Literature DB >> 21529085

Tomographic bioluminescence imaging reconstruction via a dynamically sparse regularized global method in mouse models.

Kai Liu1, Jie Tian, Chenghu Qin, Xin Yang, Shouping Zhu, Dong Han, Ping Wu.   

Abstract

Generally, the performance of tomographic bioluminescence imaging is dependent on several factors, such as regularization parameters and initial guess of source distribution. In this paper, a global-inexact-Newton based reconstruction method, which is regularized by a dynamic sparse term, is presented for tomographic reconstruction. The proposed method can enhance higher imaging reliability and efficiency. In vivo mouse experimental reconstructions were performed to validate the proposed method.
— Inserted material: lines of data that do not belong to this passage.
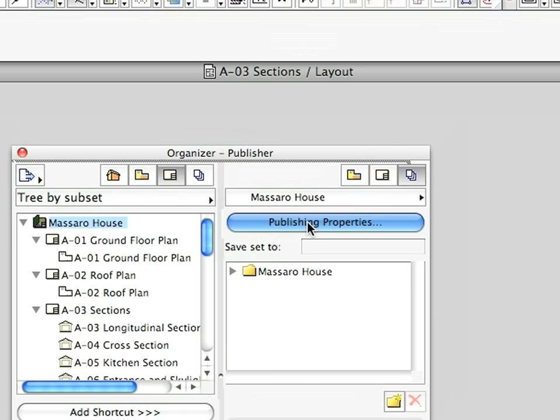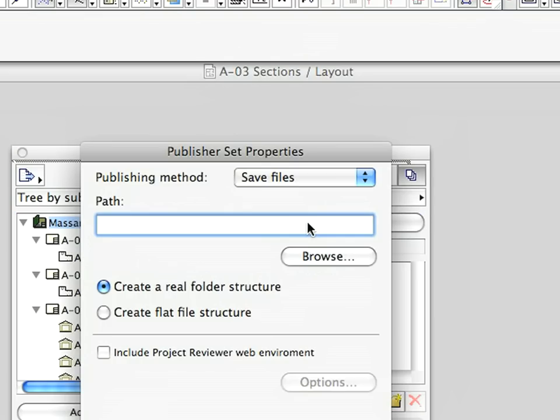Click the Publishing Properties button. In the appearing dialog, click the Browse button and specify a folder into which the documentation PDF files will be saved.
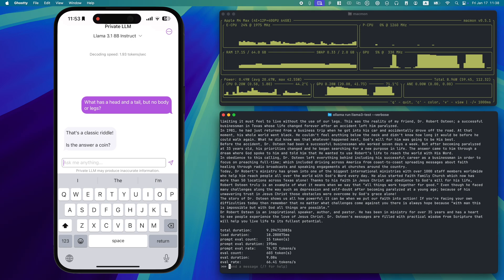Privacy is equally important. All processing happens locally on your device. No data collection, no tracking, no compromises.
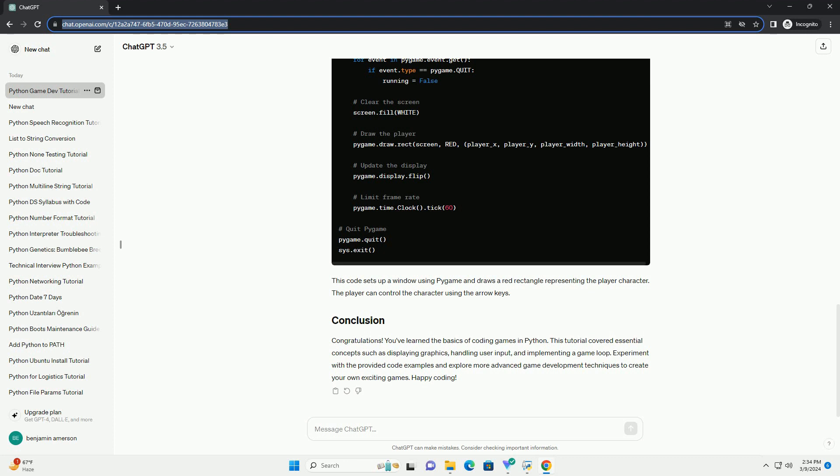Congratulations! You've learned the basics of coding games in Python. This tutorial covered essential concepts such as displaying graphics, handling user input, and implementing a game loop. Experiment with the provided code examples and explore more advanced game development techniques to create your own exciting games. Happy coding!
Reconstruction comparisons of the proposed method with other methods demonstrate the applicability on an entire region. Moreover, the reliable performance on a wide range of regularization parameters and initial unknown values were also investigated. Based on the in vivo experiment and a mouse atlas, the tolerance for optical property mismatch was evaluated with optical overestimation and underestimation. Additionally, the reconstruction efficiency was also investigated with different sizes of mouse grids. We showed that this method was reliable for tomographic bioluminescence imaging in practical mouse experimental applications.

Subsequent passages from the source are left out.